The Heavenly Echoes Headline Christmas Benefit Concert
By Don Wilcock
Greater Nippertown’s premier gospel group the Heavenly Echoes will headline the annual Fruit of the Spirit Christmas benefit concert at TJ’s Flightline Pub in Glenville at 7pm on Saturday (December 10).
I have to admit I was a bit concerned when I first booked the Heavenly Echoes for this annual event two years ago. Would this be the ultimate clash of cultures?
I met the Heavenly Echoes when I hosted a gospel benefit for Troy’s Sanctuary for Independent Media in 2009. The group was together on a bill with the Duryee AME Zion Church Male Chorus, the Oak Grove Missionary Baptist Church Male Chorus and spiritual vocalist Anne Terrell. The Heavenly Echoes were the shining stars in a galaxy of Sunday morning musical inspirations that night.
Together since 1960, they’ve performed at Saratoga First Night every New Year’s Eve for the last decade, and their lead vocalist Earl Thorpe has a pedigree that goes back six decades to a time when he played an Easter show at the Apollo Theatre in Harlem with his doo-wop group the Fidelities on the same bill with Fats Domino, the Coasters, the Flamingos and the Dells.
But how would they go over on a Saturday night in suburban Glenville playing to a relatively younger crowd of white folks out for a night on the town?
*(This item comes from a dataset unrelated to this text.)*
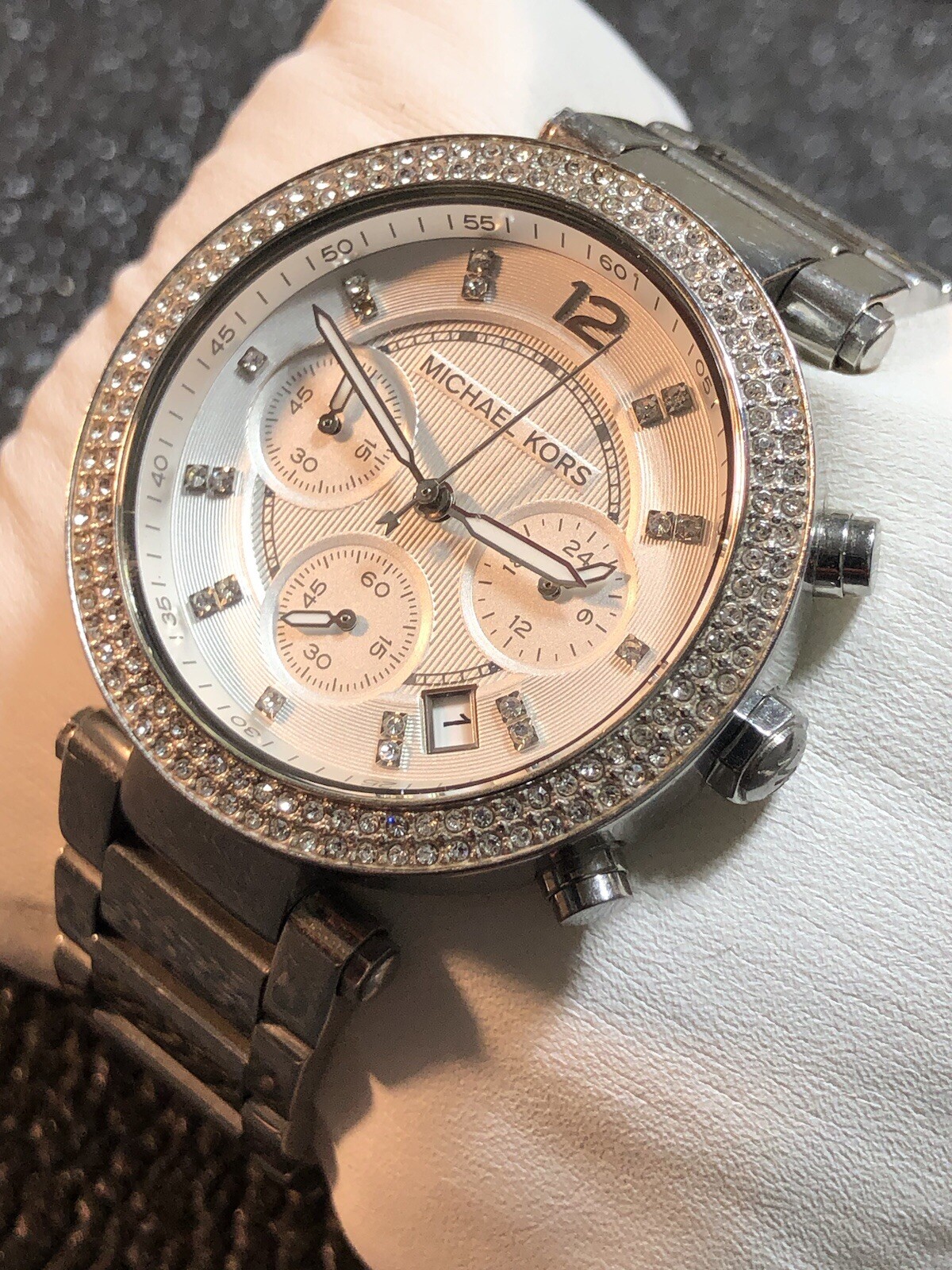Michael Kors Women’s Parker Watch MK5353 Silver Tone Runs Parts Or Repair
Our society of late has leaned over backwards to take Christ out of Christmas, and these guys make no bones about their divine inspiration. Could they reach a Saturday reveler with a second drink in his hand?
The cause was appropriate. Now in its 11th year, Fruit of the Spirit raises money to buy gifts for needy children from more than 90 families in Schenectady County. Founded by my stepdaughter Tanneal Green, Fruit of The Spirit goes beyond the usual Christmas toy drive in that it provides gifts that recipient children specifically have asked for rather than the generic doll or truck “for every boy and girl” that other Christmas charities provide. Fruit of the Spirit works in conjunction with Schenectady Municipal Housing and Schenectady County Community College.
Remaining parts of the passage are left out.